Syaikh Yusuf Qardhawi mengingatkan, seorang gadis kadang-kadang merasa malu untuk menjelaskan tentang persetujuannya itu dan dia juga malu untuk menampakkan bahwa  dia  sudah  berkeinginan  untuk  melangsungkan  perkawinan. Sedangkan diamnya itu menunjukkan kebersihannya dari segala penyakit yang dapat mencegahnya dari hubungan seksual, atau adanya sebab lain yang tidak baik untuk melangsungkan pernikahan dengan laki-laki itu, di mana sebab-sebab itu tidak ada seorang pun yang mengetahuinya, kecuali  dia  sendiri. Wallahu A’lam. Demikian kutipan saya dari Ruang Lingkup Aktifitas Wanita Muslimah (Al-Kautsar, 1996).

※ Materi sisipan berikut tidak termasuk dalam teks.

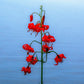10 CORAL LILY Siberian Turk's Cap Lilium Pumilum Coral Red Fragrant Flower Seeds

Selain meminta izinnya, berikanlah kesempatan kepadanya untuk mengetahui siapa calon suaminya, terutama jika calon suami itu pilihan Anda sedang anak gadis Anda belum mengenalnya. Biarkanlah anak gadis Anda untuk menilai sendiri calon suaminya, apakah ia menyukai atau tidak. Anda bisa memberikan informasi, memberi keterangan seperlunya tentang si calon. Tetapi sebaiknya tidak banyak mempersuasi (membujuk) dengan menampakkan yang baik-baik saja. Sebab persuasi dapat menimbulkan harapan-harapan yang akan ia peroleh ketika akad nikah telah dilak- sanakan. Sehingga bisa jadi ia mengalami kekecewaan justru karena terlalu tingginya harapan yang muncul lantaran persuasi Anda. Padahal, pada mulanya ia tak banyak mengharapkan hal-hal yang tidak mendasar.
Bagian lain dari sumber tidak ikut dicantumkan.